→ **Problem requirements**
Copy, word for word, the lines below from the one containing "Grillvärmeplattor, 3-pack - Svarta 1" up to and including the one containing "Thumbnail 4 MAISON", with pictures left out.

→ **Working data**
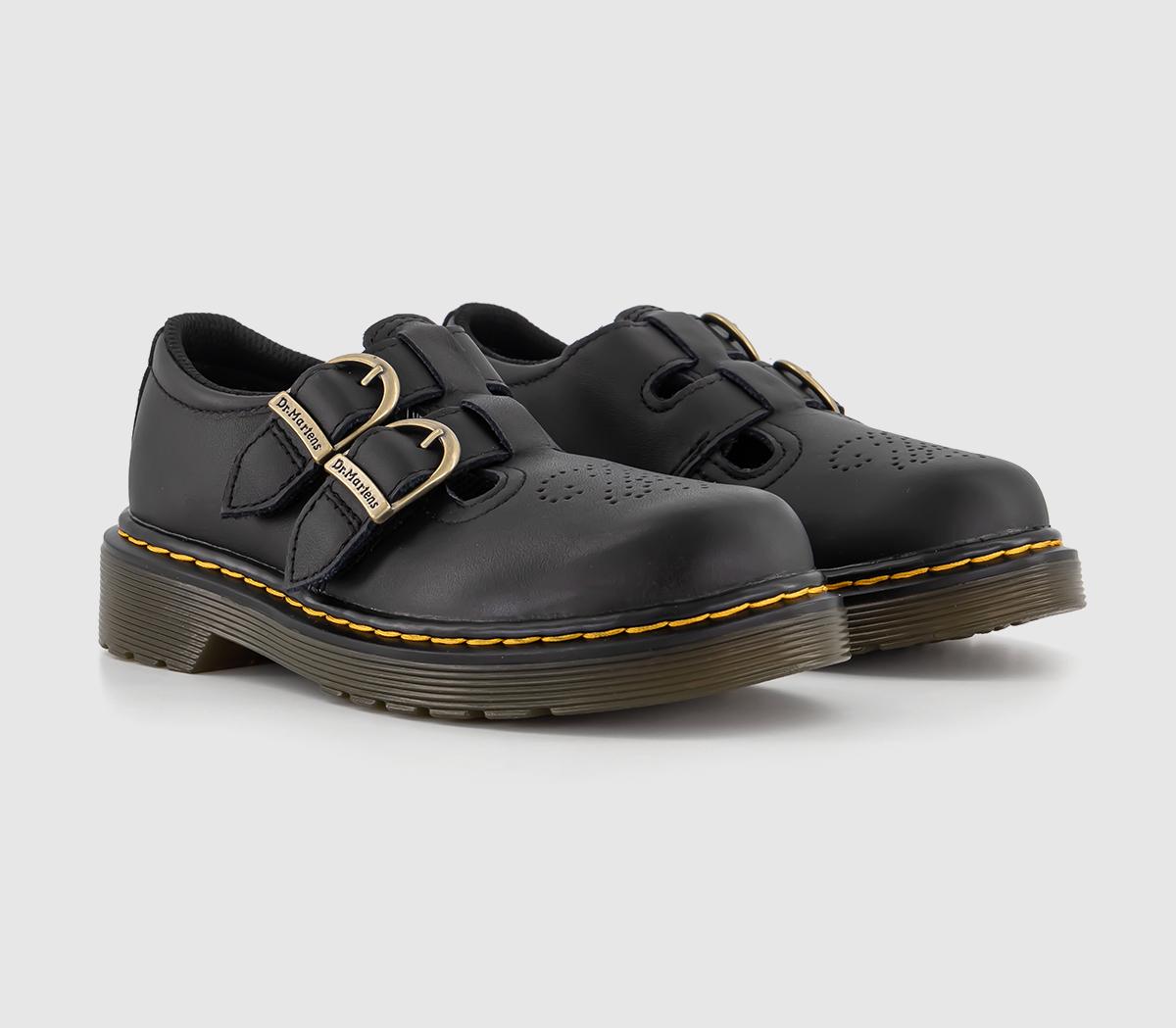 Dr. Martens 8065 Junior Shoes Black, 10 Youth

==

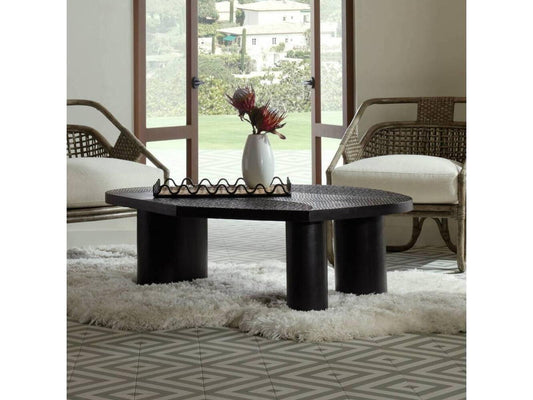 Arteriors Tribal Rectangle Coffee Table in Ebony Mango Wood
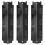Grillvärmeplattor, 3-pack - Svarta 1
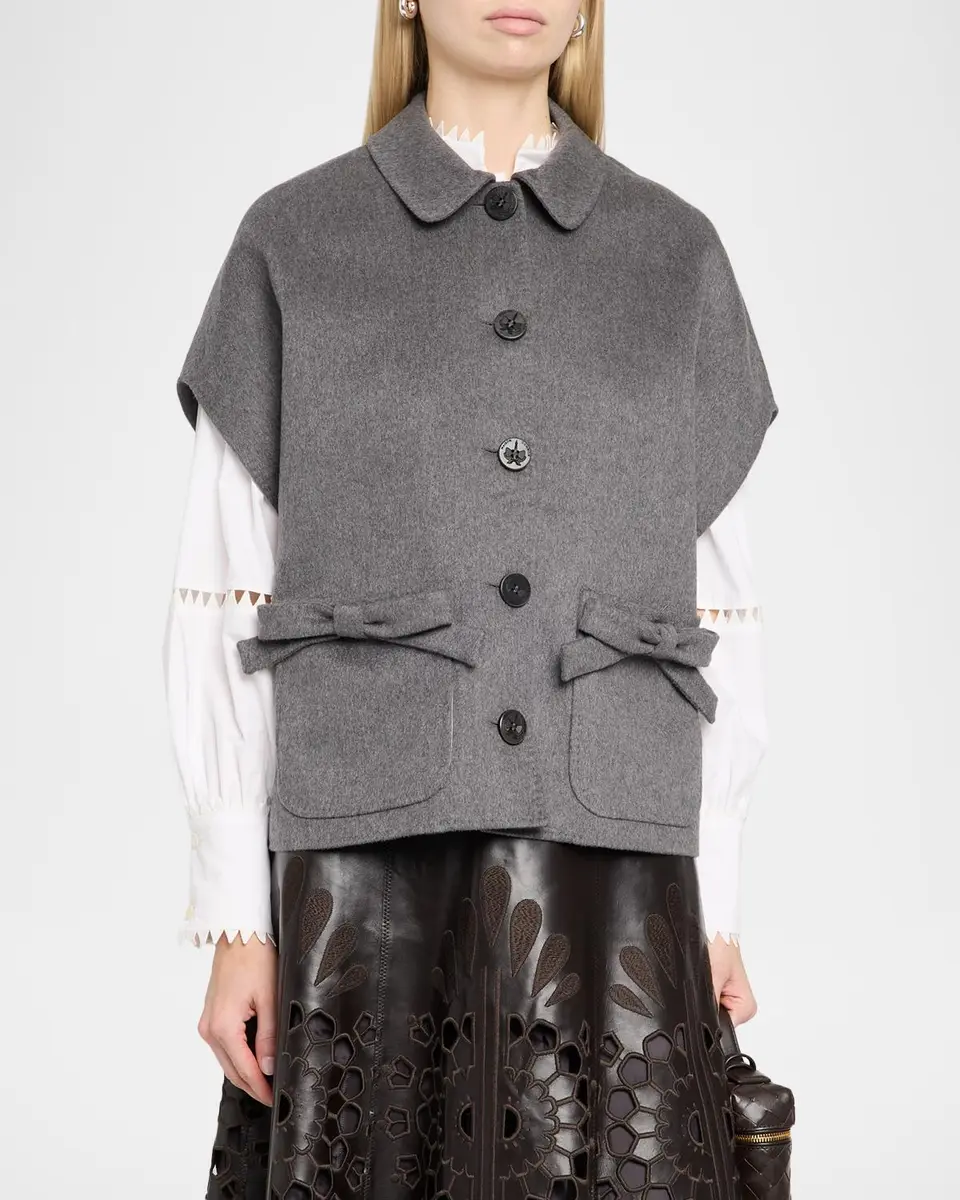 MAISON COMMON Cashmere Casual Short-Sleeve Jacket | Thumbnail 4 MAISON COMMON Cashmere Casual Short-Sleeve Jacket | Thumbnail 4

→ **Result of the exercise**
Grillvärmeplattor, 3-pack - Svarta 1
 MAISON COMMON Cashmere Casual Short-Sleeve Jacket | Thumbnail 4 MAISON COMMON Cashmere Casual Short-Sleeve Jacket | Thumbnail 4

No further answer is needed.